The Infant Jesus of Mechelen () is an unadorned 16th-century wooden image depicting the Child Jesus holding a globus cruciger and imparting a blessing. It is now in the Louvre Museum in Paris, as a typical representative of a type of image produced in considerable numbers in 
16th-century Mechelen (Malines, in modern Belgium) and exported all over the Catholic world.

Among Santero collectors, the image is often referred to the "fraternal twin" of the Santo Niño de Cebú, with which it shares crucial similarities on posture, gesture, facial expression, and measurement. In September 2009, the image was privately acquired and now housed in the Louvre Museum under security glass. It is displayed naked without any regalia, accessories or vestments formerly associated with other Child Jesus icons.

Background
In the mid-fifteenth century, workshops in Mechelen (Malines, in modern Belgium) began producing small statuettes of male and female saints, and of the infant Jesus, nude and standing on a socle. The dolls are almost always of walnut, preferably carved from a single block of wood. The guild in Mechelen collaborated with workshops in Brussels, and a client could order a Malines doll with the distinctive polychromy from either. 

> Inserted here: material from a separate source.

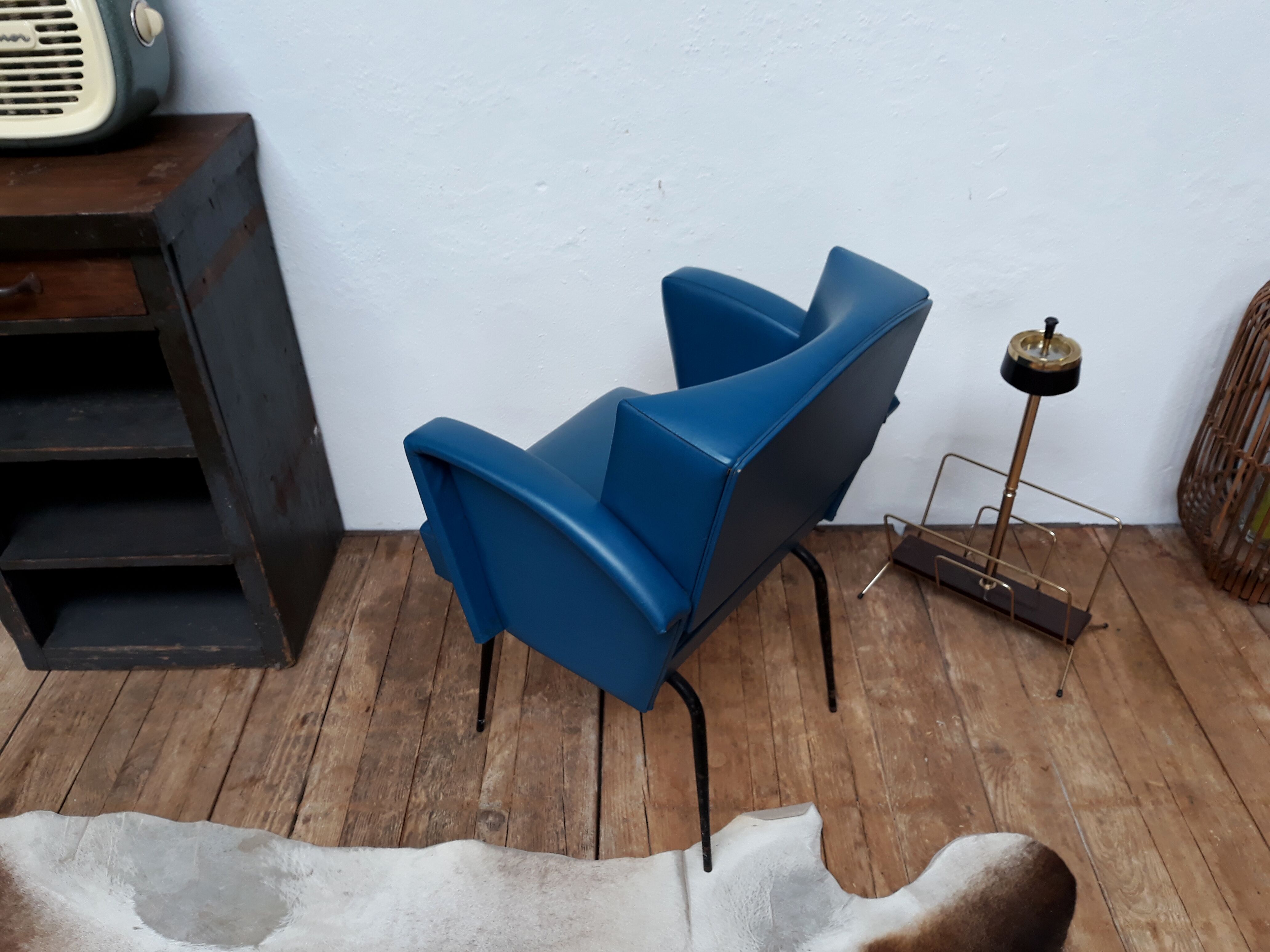 Fauteuil vintage en skaï et pieds métal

These (Poupées de Malines) often were part of an altarpiece or an "Enclosed Garden",  ("retables, sometimes with painted side panels, the central section filled not only with narrative sculpture, but also with all sorts of trinkets and hand-worked textiles.") 

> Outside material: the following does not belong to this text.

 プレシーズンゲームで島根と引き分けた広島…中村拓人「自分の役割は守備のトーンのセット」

Used for private devotion, "Maline dolls" were primarily found in private chapels and beguinages. The Infant Jesus proved particularly popular with convents in the region. Produced in large quantities, they were relatively inexpensive, and became a popular item of export to Spain and Portugal. By the first quarter of the sixteenth century the dolls were ubiquitous throughout Europe.

Description
The image depicts Jesus Christ in his infancy stage. The polychrome materials and characteristics are distinctly from Mechelen, a former part of the Southern Netherlands dating from the early 1500s. The child image alone is made of walnut, carved in a single piece of wood. The present image comprises the following details:

 A cross presumably attached to the Globus Cruciger is missing, and is replaced with a modern finial.
 The uncircumcised phallus of the image is mutilated, unrestored.
 The right forearm of the image is cracked and broken, but was re-attached.
 The feet of the child are attached to its hexagonal peana or red lacquered base using two metal rods (similar to Napolitan Jesus images).
 The frontal hexagonal base made of oak wood is adorned with floral and bead carvings.
 The facial resemblance of the image is playfully frolic, with a pinched mouth and pinkish cheekbones.
 The image follows the "Salvator Mundi" style of Christological depiction.
 The curled hair is gilded with pure gold leaf. No evidence of hair wig in place.

Evidence of European colonial characteristics are present on the statue, such as the gilding of the hair using gold leaf while lead paint and oily potassium is used to the skin, similar to the Encarnacion style of sculpting and painting. Further microscopic examination shows that the image was carved in Mechelen, but was probably painted in Brussels then taken to be distributed in the colonized territories of Spain.

Comparison with the Niño de Cebú image
Both the Mechelen statues and the Santo Niño de Cebú are approximately the same height at approximately 30 cm (12 inches) tall, while having similar characteristics such as the standing pose, naked body, hand blessing gesture and golden globes. Assuming that the camera shots are frontally accurate, the faces are almost exactly similar to one another with the following exceptions:

In published photographs, the Mechelen statue looks frontal and towards in a direct line, while the Cebu statue looks in a downward direction to the devotee although this is relative to the angle of the camera when the picture was taken.

 The Cebu statue's fingers lean to the left, while that of the Mechelen statue points to the right. The original wooden fingers however point upwards when the golden glove is removed. It is possible though that the original wooden arm of the Cebu statue was broken and improperly attached due to the presence of a metallic brace wrapping the wooden arm when the vestments and the golden glove are removed.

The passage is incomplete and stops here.